Records from a data source:
┌────────
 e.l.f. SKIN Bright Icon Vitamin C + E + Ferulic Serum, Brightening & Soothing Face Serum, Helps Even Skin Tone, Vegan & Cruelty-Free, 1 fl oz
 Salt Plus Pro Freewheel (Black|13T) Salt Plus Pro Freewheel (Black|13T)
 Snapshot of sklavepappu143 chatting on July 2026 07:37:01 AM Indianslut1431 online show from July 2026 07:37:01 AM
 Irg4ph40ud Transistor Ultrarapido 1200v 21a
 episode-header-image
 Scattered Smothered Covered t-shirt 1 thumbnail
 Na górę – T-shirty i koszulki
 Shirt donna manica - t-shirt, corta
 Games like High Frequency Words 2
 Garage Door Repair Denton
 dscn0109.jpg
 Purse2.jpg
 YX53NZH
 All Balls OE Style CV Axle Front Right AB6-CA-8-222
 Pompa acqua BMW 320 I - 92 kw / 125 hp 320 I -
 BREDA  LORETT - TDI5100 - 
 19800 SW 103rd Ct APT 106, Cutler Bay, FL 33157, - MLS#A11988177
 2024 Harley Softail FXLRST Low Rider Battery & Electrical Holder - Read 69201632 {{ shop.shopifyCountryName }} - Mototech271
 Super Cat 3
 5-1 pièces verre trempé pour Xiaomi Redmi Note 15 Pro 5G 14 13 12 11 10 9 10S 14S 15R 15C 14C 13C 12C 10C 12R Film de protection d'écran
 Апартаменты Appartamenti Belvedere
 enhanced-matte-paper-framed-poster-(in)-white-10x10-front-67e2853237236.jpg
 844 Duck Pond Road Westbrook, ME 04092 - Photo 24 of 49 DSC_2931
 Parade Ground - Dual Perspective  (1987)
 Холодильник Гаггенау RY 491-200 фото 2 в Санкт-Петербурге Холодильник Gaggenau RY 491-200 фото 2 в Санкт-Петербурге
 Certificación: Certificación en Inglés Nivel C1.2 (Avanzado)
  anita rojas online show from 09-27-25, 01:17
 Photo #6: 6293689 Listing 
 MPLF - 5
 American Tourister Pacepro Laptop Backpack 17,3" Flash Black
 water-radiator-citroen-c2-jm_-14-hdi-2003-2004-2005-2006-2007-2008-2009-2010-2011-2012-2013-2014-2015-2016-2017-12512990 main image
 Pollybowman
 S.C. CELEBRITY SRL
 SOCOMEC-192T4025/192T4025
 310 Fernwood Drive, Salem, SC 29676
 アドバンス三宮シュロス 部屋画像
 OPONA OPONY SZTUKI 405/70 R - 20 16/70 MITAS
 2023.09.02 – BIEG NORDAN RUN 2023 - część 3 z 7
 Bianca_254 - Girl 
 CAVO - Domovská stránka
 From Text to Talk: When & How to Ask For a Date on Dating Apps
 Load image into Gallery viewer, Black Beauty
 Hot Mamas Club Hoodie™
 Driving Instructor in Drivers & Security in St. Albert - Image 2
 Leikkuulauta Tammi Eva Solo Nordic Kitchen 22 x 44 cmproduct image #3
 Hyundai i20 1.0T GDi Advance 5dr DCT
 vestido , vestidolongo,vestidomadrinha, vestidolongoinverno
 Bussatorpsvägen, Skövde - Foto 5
└────────
What is expected: When you reach the line containing "Salt Plus Pro Freewheel (Black|13T) Salt" in the data above, start copying exactly, and stop after the line containing "Апартаменты Appartamenti Belvedere".

Final answer:
 Salt Plus Pro Freewheel (Black|13T) Salt Plus Pro Freewheel (Black|13T)
 Snapshot of sklavepappu143 chatting on July 2026 07:37:01 AM Indianslut1431 online show from July 2026 07:37:01 AM
 Irg4ph40ud Transistor Ultrarapido 1200v 21a
 episode-header-image
 Scattered Smothered Covered t-shirt 1 thumbnail
 Na górę – T-shirty i koszulki
 Shirt donna manica - t-shirt, corta
 Games like High Frequency Words 2
 Garage Door Repair Denton
 dscn0109.jpg
 Purse2.jpg
 YX53NZH
 All Balls OE Style CV Axle Front Right AB6-CA-8-222
 Pompa acqua BMW 320 I - 92 kw / 125 hp 320 I -
 BREDA  LORETT - TDI5100 - 
 19800 SW 103rd Ct APT 106, Cutler Bay, FL 33157, - MLS#A11988177
 2024 Harley Softail FXLRST Low Rider Battery & Electrical Holder - Read 69201632 {{ shop.shopifyCountryName }} - Mototech271
 Super Cat 3
 5-1 pièces verre trempé pour Xiaomi Redmi Note 15 Pro 5G 14 13 12 11 10 9 10S 14S 15R 15C 14C 13C 12C 10C 12R Film de protection d'écran
 Апартаменты Appartamenti Belvedere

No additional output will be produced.